In any case, why pursue this mythical pot of cash, when nearly all bands that come into money are inevitably be torn apart by it? Entire musical genres are propped up by people not being quite able to afford to be involved in them, and people who obsess over clawing back cash from the enterprise are entirely missing the point. Slight poverty is what drives music forward. It only works if you’re in the red. You’ve never felt so alive as when you’ve just maxed out your credit card to get your band on a cross channel ferry for a one-off gig in Antwerp. Seriously. You know, it’s like biographies of bands. The most interesting bit is the first bit, you know, the horror, where they’re playing shit venues to small crowds, and the pointlessness of it all is on the verge of driving them insane. When they get to the bit where they turn up at a plush venue and there’s a dozen Cantaloupes and a melon baller in the dressing room, well, that’s when I stop reading. Their passion has disappeared at that point. It’s just not interesting. Of course, there’s probably a valid question to be asked about whether, if the monetizing of music is eventually revealed to be a pointless battle, whether people will be quite so interested in forming bands. But again, it’s not about money, is it. I don’t go and watch Red Pony Clock or Desalvo and imagine that they’re doing it because there’s a pot of gold at the end of the rainbow. They’re doing it because they want to show off. And quite right too.

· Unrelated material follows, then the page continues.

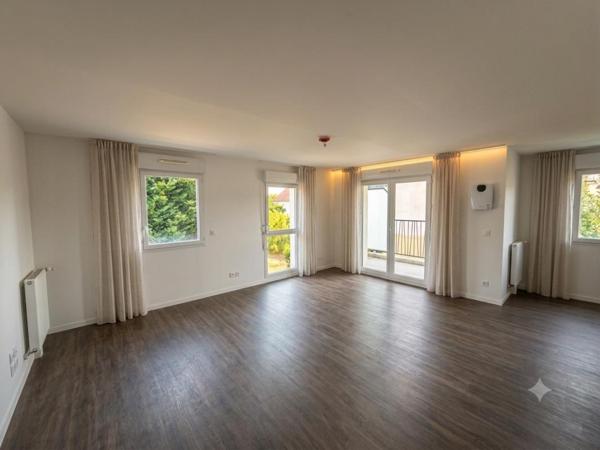 Appartement 2 chambres, balcon, ascenseur Résidence « Villa Augusta » Rezé 197 000 € FAI 3384MG – nantes Sud Immobilier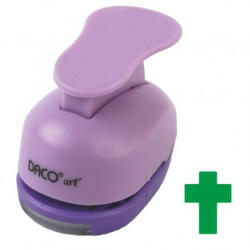 Daco Perforator hobby DACO 2.5 cm PF025/29 cruce (PF025/29)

In the unlikely event of anyone wanting my advice, it would be to stop worrying about selling recordings. Just give them away. Let them go. Put them online for free, and tell people that they’re there. And if, against the odds, you’ve been given some cash, you’ve managed to release an album commercially, and you see that someone has posted it on a blog for readers to download – for god’s sake don’t get angry. Don’t see it as being down £20. See it as being up 20 listeners. Yes, your music might conceivably have been stolen, but there are no police. So get used to it. And now you’re freed of this burden, pursue all the other things that you want from being in a band – writing songs, rehearsing, doing gigs, building relationships with other bands, going on wallet-busting tours, receiving unmemorable blowjobs. Because seriously, you’re almost more likely to get a blowjob after a gig than sell an MP3. And remember – just because music doesn’t make you money, certainly does NOT mean that it’s worth nothing.